■ Exercise materials ■

▶

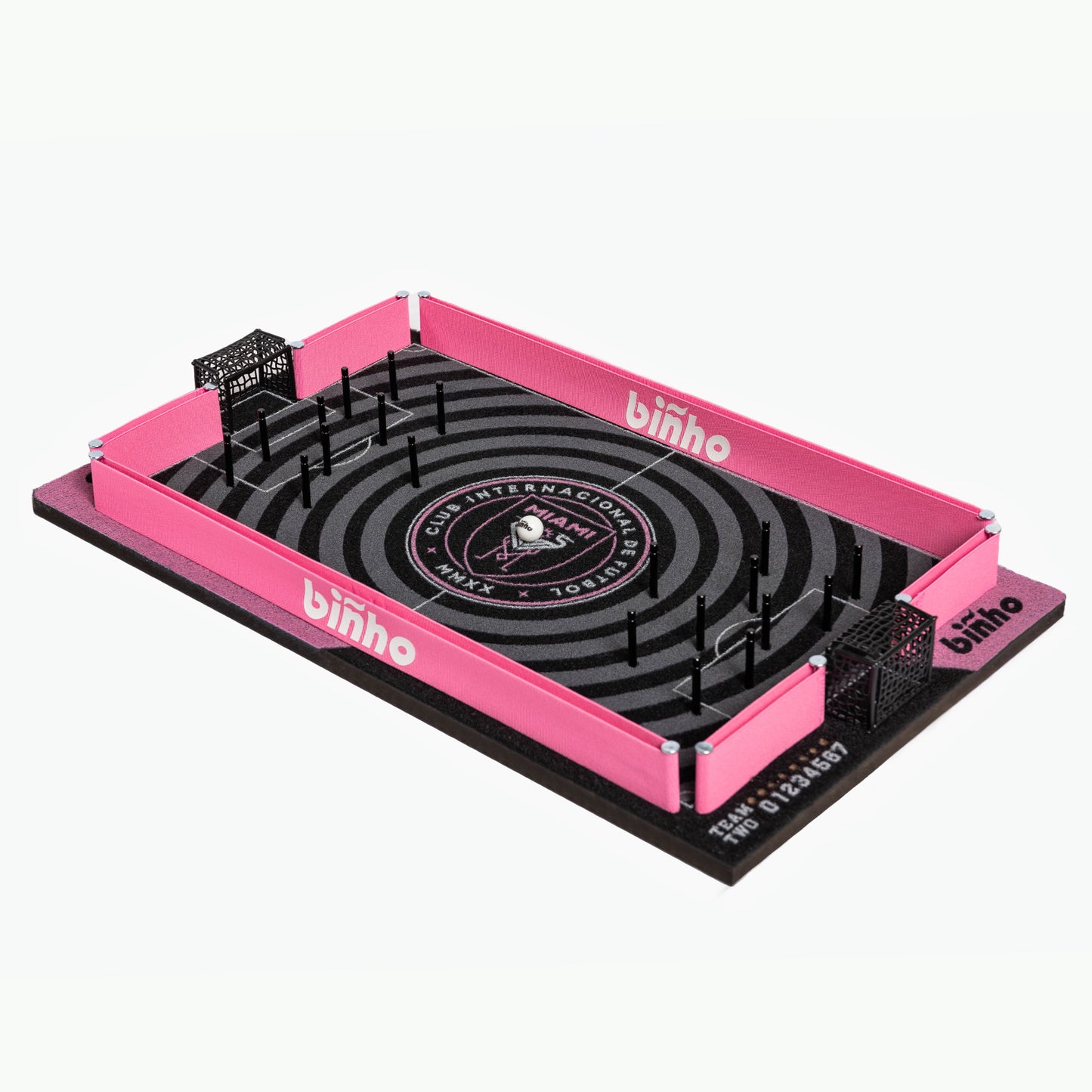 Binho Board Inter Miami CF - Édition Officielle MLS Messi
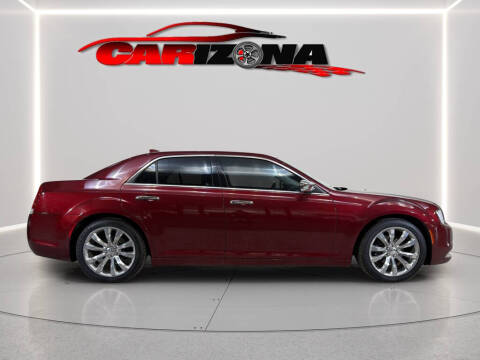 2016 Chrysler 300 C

◀
▶

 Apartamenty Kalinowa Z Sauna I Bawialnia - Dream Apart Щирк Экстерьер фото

◀

Restate the lines above from the one containing "Binho Board Inter" through the one containing "2016 Chrysler 300 C", inclusive, exactly and without pictures.

■ Finished task ■
 Binho Board Inter Miami CF - Édition Officielle MLS Messi
 2016 Chrysler 300 C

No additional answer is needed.